*** EXERCISE DATA Section Begins ***
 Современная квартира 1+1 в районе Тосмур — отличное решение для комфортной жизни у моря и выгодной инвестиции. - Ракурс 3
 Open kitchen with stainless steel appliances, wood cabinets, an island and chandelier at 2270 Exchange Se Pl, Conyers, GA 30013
*** EXERCISE DATA Section Ends ***
*** EXERCISE DATA Section Begins ***
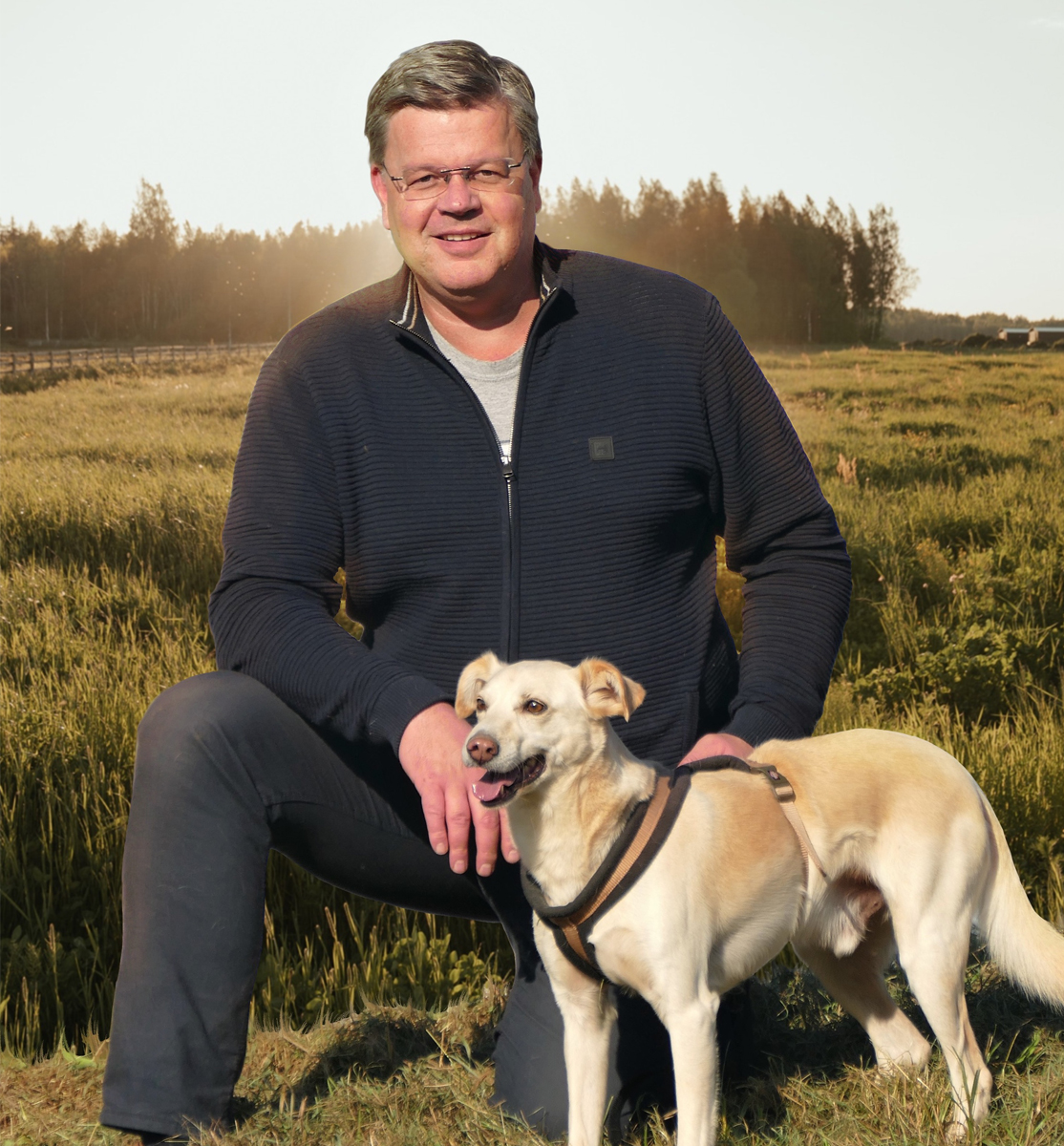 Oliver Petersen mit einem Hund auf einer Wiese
*** EXERCISE DATA Section Ends ***
TASK OBJECTIVE:
Within the material above, transcribe exactly the lines that run from the line holding "Современная квартира 1+1" through the line holding "Open kitchen with".

RESULT OF THIS TASK:
 Современная квартира 1+1 в районе Тосмур — отличное решение для комфортной жизни у моря и выгодной инвестиции. - Ракурс 3
 Open kitchen with stainless steel appliances, wood cabinets, an island and chandelier at 2270 Exchange Se Pl, Conyers, GA 30013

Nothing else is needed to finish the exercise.